"""

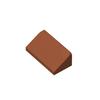 10PCS 85984 Slope 30 1x2x2/3 Roff Building Block Moc Color Compatible with Brick DIY Children's Toy Assembly Parts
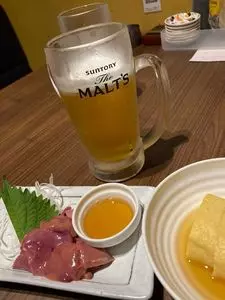 煮穴子と白ぎも 大阪福島本店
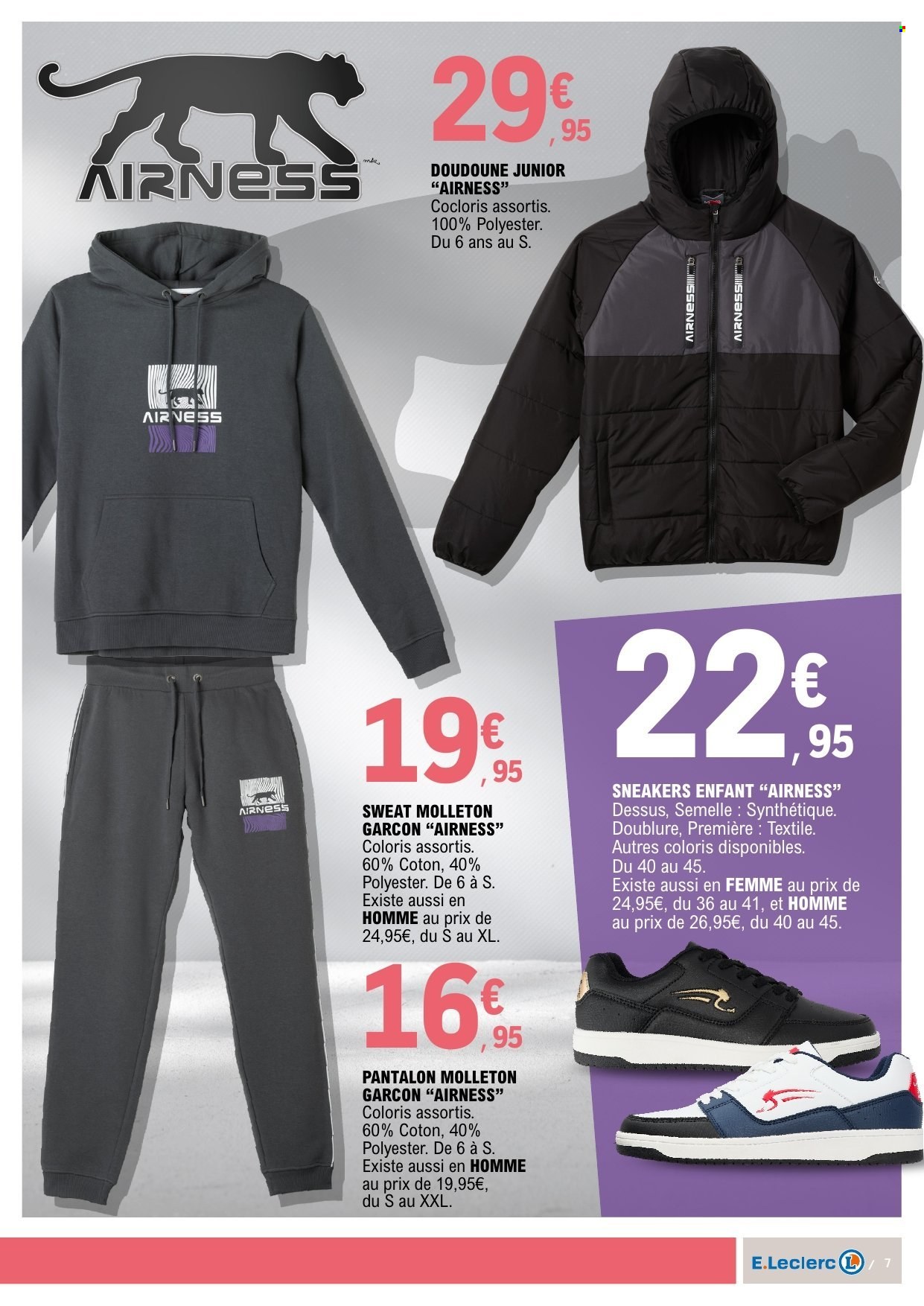Catalogue E.Leclerc - 22.04.2025 - 04.05.2025. 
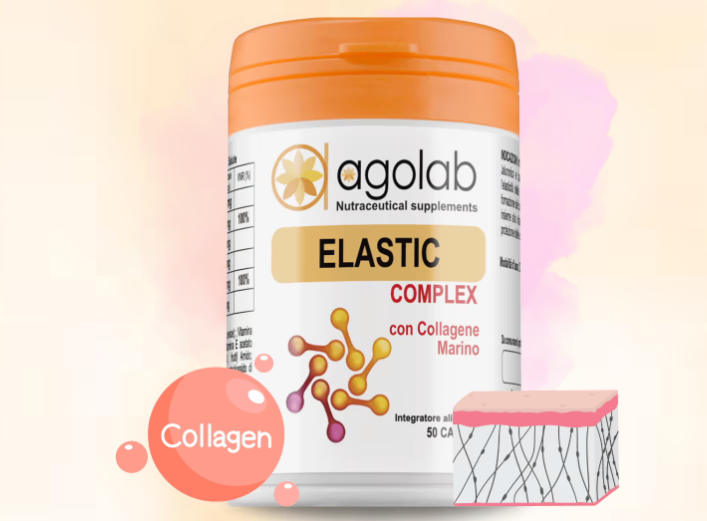 Agolab Collagene Elastic Complex: recensioni reali 139 Agolab Collagene Elastic Complex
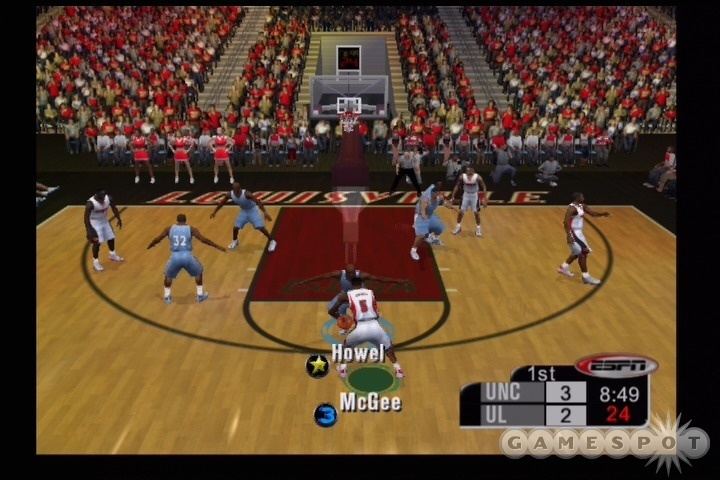 college hoops 2k8 ps2 review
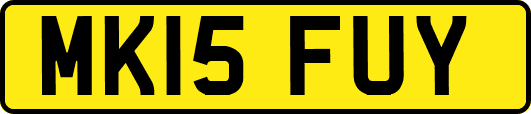 MK15FUY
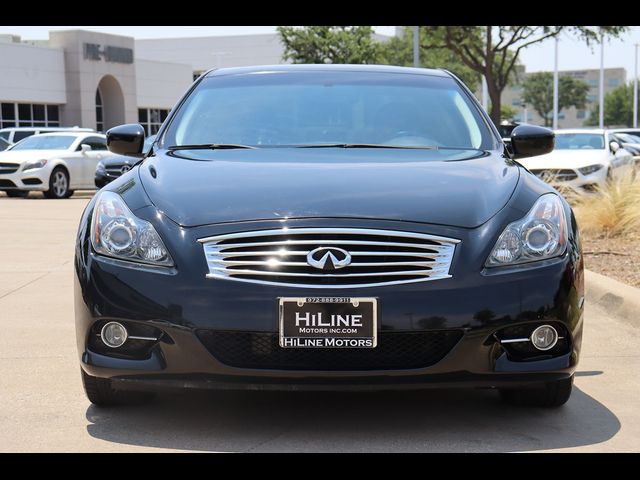 2014 INFINITI Q60 Journey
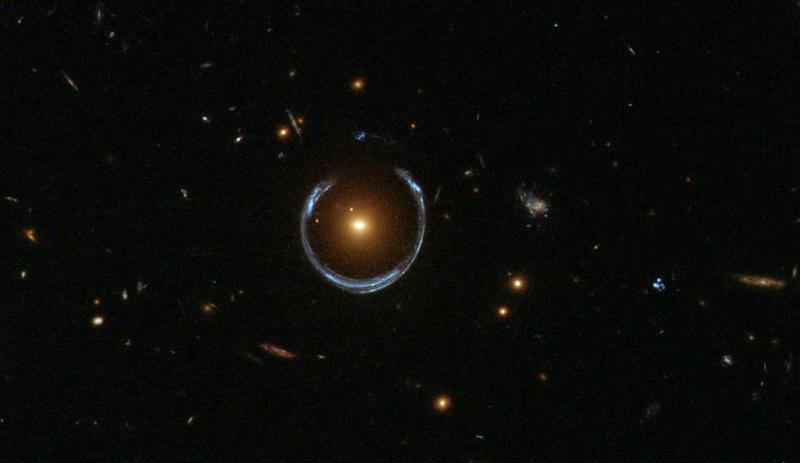 The most powerful tool in an astronomer’s arsenal is a lens – but not the kind you might think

"""

> **Task requirements**: Exact copy, no pictures: reproduce every record above.

> **Your response**:
 10PCS 85984 Slope 30 1x2x2/3 Roff Building Block Moc Color Compatible with Brick DIY Children's Toy Assembly Parts
 煮穴子と白ぎも 大阪福島本店
Catalogue E.Leclerc - 22.04.2025 - 04.05.2025. 
 Agolab Collagene Elastic Complex: recensioni reali 139 Agolab Collagene Elastic Complex
 college hoops 2k8 ps2 review
 MK15FUY
 2014 INFINITI Q60 Journey
 The most powerful tool in an astronomer’s arsenal is a lens – but not the kind you might think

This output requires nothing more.